=== EXERCISE INSTRUCTIONS ===
Where an entry contains a picture, omit the picture and repeat the rest exactly.

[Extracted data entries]
++++++++++
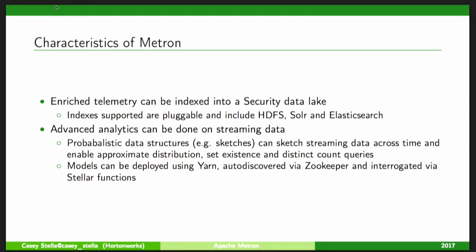If you want to construct a machine learning model rather than do statistical baselining, a good portion of our team were data scientists from the field at Hortonworks. We've seen a lot of pain around how to interact with models. We've constructed a framework called Models as a Service, which uses YARN to deploy models without imposing requirements on what language or library you use. That topic is big enough to merit its own talk tomorrow.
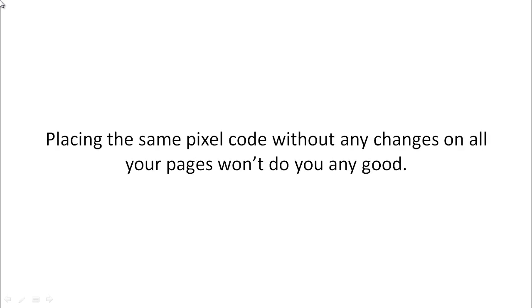So in other words, what most people do is they simply place the same pixel on all of the pages throughout the funnel. If you do that, it's not going to do you any good because you're not going to know what is actually happening throughout your funnel.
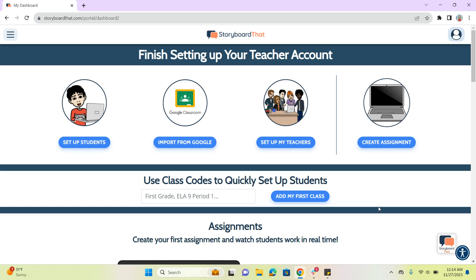Hi everyone, this is Owen from Storyboard That, and in this video we're going to be talking about how to set up your students using a single sign-on. So instead of importing all of our students automatically from a service like Google Classroom or Clever, we're going to be having students sign in with their single sign-on. Let's go ahead and get started and show what that looks like.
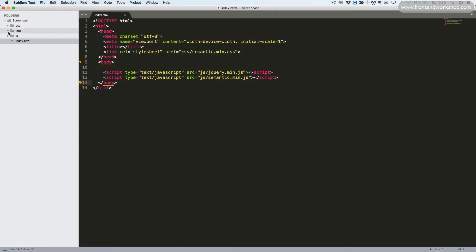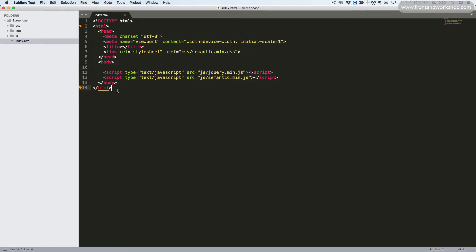We have an image folder with two images, the JS folder with jQuery and Semantic UI. So this is a default installation of Semantic UI to get us started.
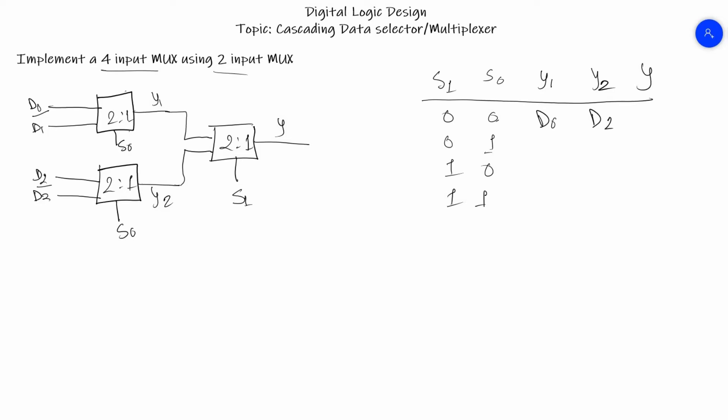If we move on to the second one, the selector line of the previous MUXes are given to 1, so we'll get Y1 output as D1 and Y2 output as D3.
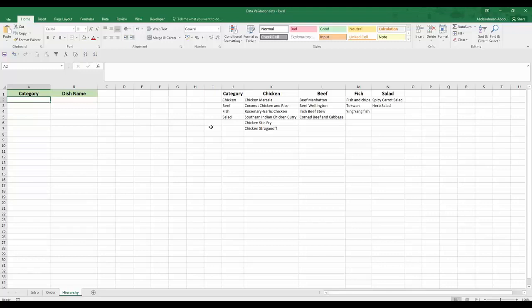Hey guys, welcome back. In this video we're going to discuss how to use data validation to create list hierarchies.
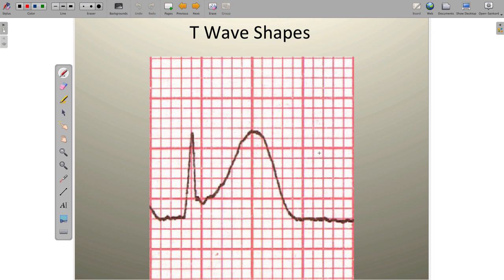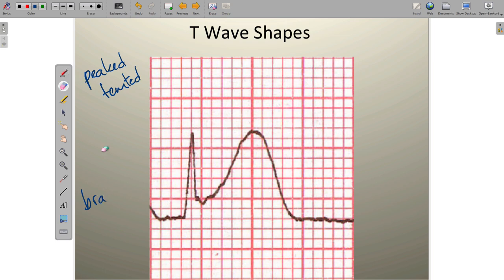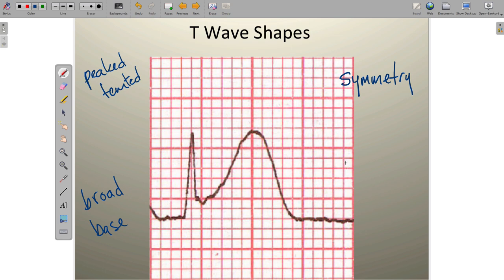Last but not least, we want to look at the T wave itself and see the changes associated with it. There are going to be four really important changes to look for. The first is a peaked or tented T wave. The next is a broad base. Then we're going to look for symmetry of the T wave. And finally we're going to determine if the T wave is hyperacute. Let's explore each of these independently.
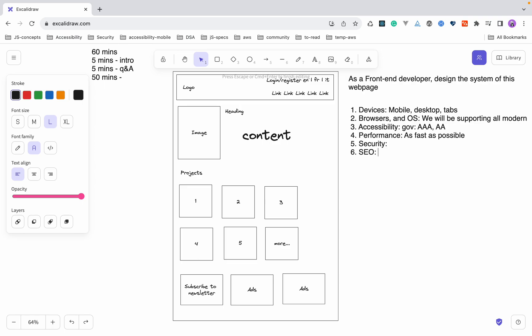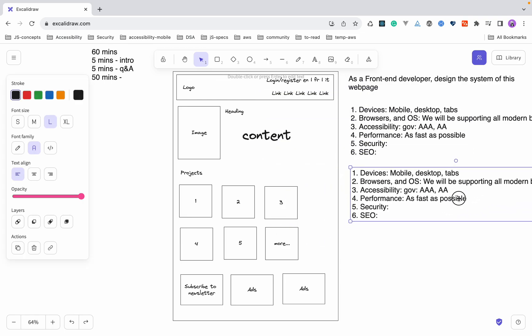These are the top six things to always ask as a front-end developer: devices, browser, accessibility, performance, security, and SEO. Once you have this scope ready, the next step is to ask the interviewer where they want you to focus — high-level design, low-level design, or a specific feature like login, registration, newsletter, or ads. Ask your interviewer how they want you to proceed. In this example, we'll start with the overall high-level design.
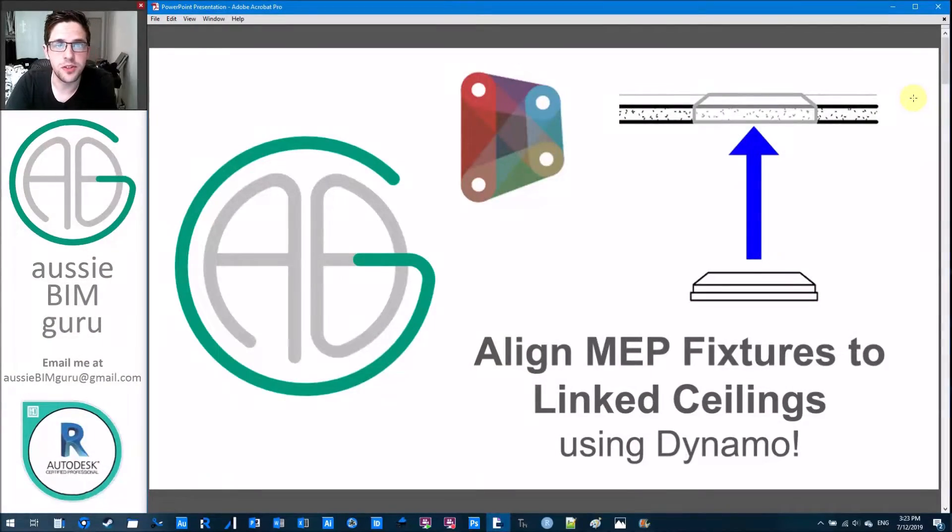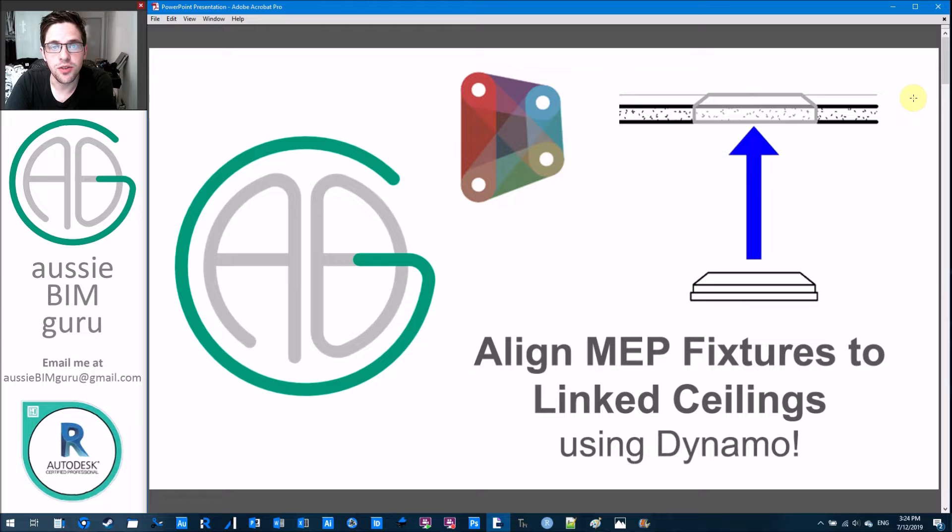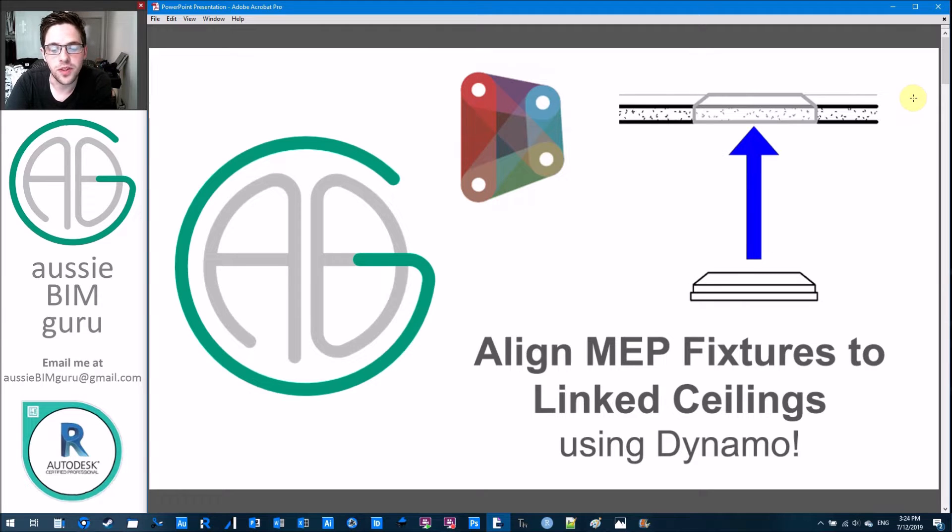G'day there, you're watching the Aussie BIM Guru and today I'm going to show you how to use Dynamo in order to align your MEP fixtures back to linked ceilings.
++++++++++
=== TASK RESULT ===
If you want to construct a machine learning model rather than do statistical baselining, a good portion of our team were data scientists from the field at Hortonworks. We've seen a lot of pain around how to interact with models. We've constructed a framework called Models as a Service, which uses YARN to deploy models without imposing requirements on what language or library you use. That topic is big enough to merit its own talk tomorrow.
So in other words, what most people do is they simply place the same pixel on all of the pages throughout the funnel. If you do that, it's not going to do you any good because you're not going to know what is actually happening throughout your funnel.
Hi everyone, this is Owen from Storyboard That, and in this video we're going to be talking about how to set up your students using a single sign-on. So instead of importing all of our students automatically from a service like Google Classroom or Clever, we're going to be having students sign in with their single sign-on. Let's go ahead and get started and show what that looks like.
We have an image folder with two images, the JS folder with jQuery and Semantic UI. So this is a default installation of Semantic UI to get us started.
If we move on to the second one, the selector line of the previous MUXes are given to 1, so we'll get Y1 output as D1 and Y2 output as D3.
Hey guys, welcome back. In this video we're going to discuss how to use data validation to create list hierarchies.
Last but not least, we want to look at the T wave itself and see the changes associated with it. There are going to be four really important changes to look for. The first is a peaked or tented T wave. The next is a broad base. Then we're going to look for symmetry of the T wave. And finally we're going to determine if the T wave is hyperacute. Let's explore each of these independently.
These are the top six things to always ask as a front-end developer: devices, browser, accessibility, performance, security, and SEO. Once you have this scope ready, the next step is to ask the interviewer where they want you to focus — high-level design, low-level design, or a specific feature like login, registration, newsletter, or ads. Ask your interviewer how they want you to proceed. In this example, we'll start with the overall high-level design.
G'day there, you're watching the Aussie BIM Guru and today I'm going to show you how to use Dynamo in order to align your MEP fixtures back to linked ceilings.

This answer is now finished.